Huidkanker in het gezicht
Ter afsluiting van de voordracht werd de aandacht gevestigd op het herkennen van huidkanker in het gezicht door de tandarts. De incidentie van huidkanker neemt toe en daarom is van belang dat (tand)artsen dit vroegtijdig herkennen en met de patiënt bespreken.

De meest voorkomende mucosale tumoren zijn plaveiselcelcarcinomen (88%) en adenocarcinoom (8%). De meest voorkomende cutane tumoren zijn basaalcelcarcinomen (75%), plaveiselcelcarcinomen (15%) en maligne melanomen (10%).

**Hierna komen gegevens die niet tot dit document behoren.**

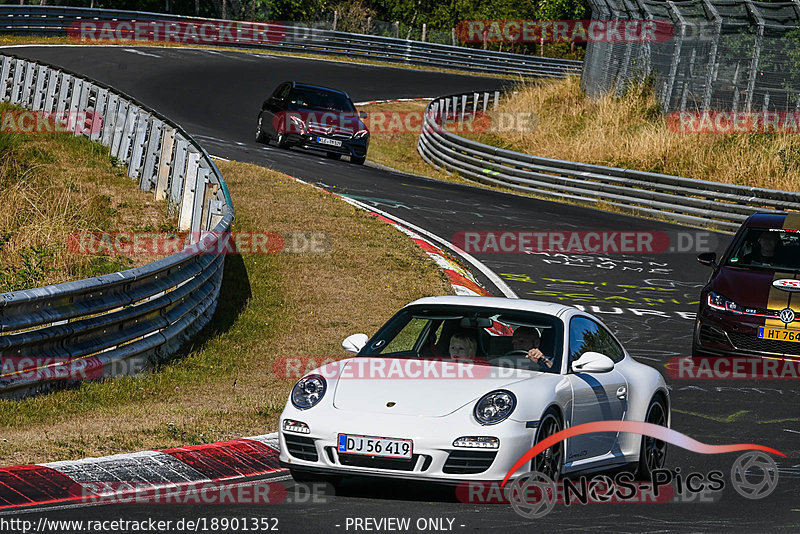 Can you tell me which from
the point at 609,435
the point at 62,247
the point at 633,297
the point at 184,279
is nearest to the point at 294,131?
the point at 633,297

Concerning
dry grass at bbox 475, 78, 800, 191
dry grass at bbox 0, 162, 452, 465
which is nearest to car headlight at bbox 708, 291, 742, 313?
dry grass at bbox 0, 162, 452, 465

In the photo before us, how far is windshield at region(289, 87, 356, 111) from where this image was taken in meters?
29.6

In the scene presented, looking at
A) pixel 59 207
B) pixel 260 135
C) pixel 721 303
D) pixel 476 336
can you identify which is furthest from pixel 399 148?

Kenmerken van een plaveiselcelcarcinoom:

  • Korstje/zweertje langer dan 3 weken
  • Vooral bij 50+
  • Zonbeschenen huid
  • Kan uitzaaien (naar halsklieren)

Kenmerken van een basaalcelcarcinoom:

  • Vooral gezichtshuid
  • Lokaal destructief
  • Zaait vrijwel nooit uit

Voor het herkennen van een foute moedervlek kan de ABCD-regel gebruikt worden.

A: asymmetrie
B: begrenzing is onregelmatig
C: kleur schakering (meerdere kleuren aanwezig)
D: diameter groter dan 6mm

dr. R.J.J. van Es – 1985 en 1990: resp. tandarts- en arts-examen Rijks Universiteit te Utrecht. 1985 tot 1990 waarnemend algemeen practiserend tandarts. 1990-92 Arts-assistent KNO-heelkunde in het Militair Hospitaal ‘Dr. A. Mathijsen’ en MKA-chirurgie in het St. Radboud te Nijmegen. Opleiding tot MKA-chirurg voltooid in 1996 te Academisch Ziekenhuis Utrecht. 1998 fellow in het Mt. Vernon Hospital te Londen ter specialisatie in maxillofaciale microchirurgische reconstructieve heelkunde. Promotie: maart 2001 op de ontwikkeling van een proefdiermodel voor behandeling van hoofd/hals-carcinoom. Sinds 2001 staflid op de afdelingen Mondziekten,  Kaak- en Aangezichts-chirurgie van het Academisch Ziekenhuis en de Dento-Maxillofaciale Pediatrie van het Wilhelmina Kinderziekenhuis te Utrecht. Sinds 2006 tevens werkzaam in het Diakonessen ziekenhuis te Utrecht. Speciale interesses: maxillofaciale oncologie en met name afwijkingen van speekselklieren, mondmucosa en gezichtshuid. Groeistoornissen van het craniofaciale skelet, waaronder schisis.
Voormalig treasurer van de International Association of Maxillofacial Surgeons in Training (IAMFST). Momenteel secretaris van het collegium chirurgicum neerlandicum (CCN) , bestuurslid van de Nederlandse Werkgroep voor Hoofd-Hals Tumoren (NWHHT), columnist van het Nederlands Tandartsenblad en houdt regelmatig voordrachten op tandheelkundige & kaakchirurgische congressen en nascholingen.

Verslag door Annalous van Poppel, voor dental INFO, van de lezing van dr. R.J.J. van Es tijdens het jaarcongres 2016 ‘Bijzondere tandheelkunde in uw praktijk’ van de NVGPT.